Xenia skated to the middle of the ice and drew in her breath, letting out and seeing the heat of it clashing against the cold, creating a brief fog. When the music began, her body moved almost by reflex, skating to the tune of the Dying Swan. Her hands mimicked Pavlova's delicate movements as her legs performed the skating equivalent of ballet movements. She glided across the ice, the routine so natural to her now that she barely had to concentrate to perform the appropriate turns, spins and spirals.
She picked up speed, going so fast, it felt like she was the north wind. A scourge across the icy plain instead of a wintry breeze. Tears stained her face, frozen into her skin like was lashes against the flesh. They came harder once it began to seep into her being how hard this would be. Pain she thought she would feel but the brittle agony was such that Xenia didn't even realize it when she had picked up speed, going so fast she could not even breathe, she realized she had positioned herself to make a triple axle spin.
She performed the spin superbly and her as her audience applauded, Xenia found none of the joy in her dance. The tears she wept were unseen but were there nonetheless. Grief in every turn, in every spin, it resonated through her being as her eyes searched futilely for the one face who would again watch her skate. What used to fill her soul with joy now felt like a burden, a weight she was force to carry because it all came back to Lukas loving her because of what he saw on the ice.

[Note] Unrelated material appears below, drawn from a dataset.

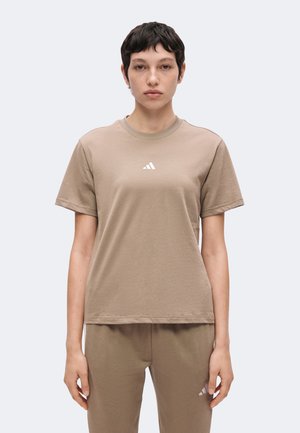 Osoba z krótkimi ciemnymi włosami, ubrana w beżowy pasujący t-shirt i spodnie z małym białym logo na piersi i udzie, stoi zwrócona przodem.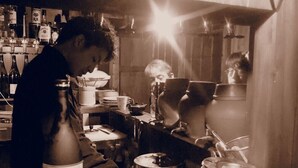 Una cucina con mobili in legno, un fornello e diversi utensili da cucina.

What was she if he was not here to see it?
A day later, Xenia was on the road. She bought herself an old VW combie and loaded it with as much supplies as she could manage. Thanks to Jace and Jerry's contacts with the WLF, she was able to buy some weapons, though she was advised that she'd have a better selection once she crossed into the United States. The land of the free had more access to weapons than any other nation alive. The Occupation had not changed this.
She knew she was running. Running away from the ice, wanting to leave that part of her as far behind as she could because the pain of it was simply too much. She thought she would be able to skate, even once but the memory of Lukas was too strong. The need to see him in the audience was too much and she knew with a sense of finality that until she stopped wanting that, she would never be able to step on the ice again.
Driving on the Vancouver-Blaine Highway, or Highway 99, Xenia left Vancouver under the cover of darkness, having been given the advice that it was best to travel through occupied territory at night to avoid detection by Skyfighters. She would drive until she reached Seattle. Once out of Washington State, she would plan her next move.
The old life was behind her, the new one with Daniel and her son waited.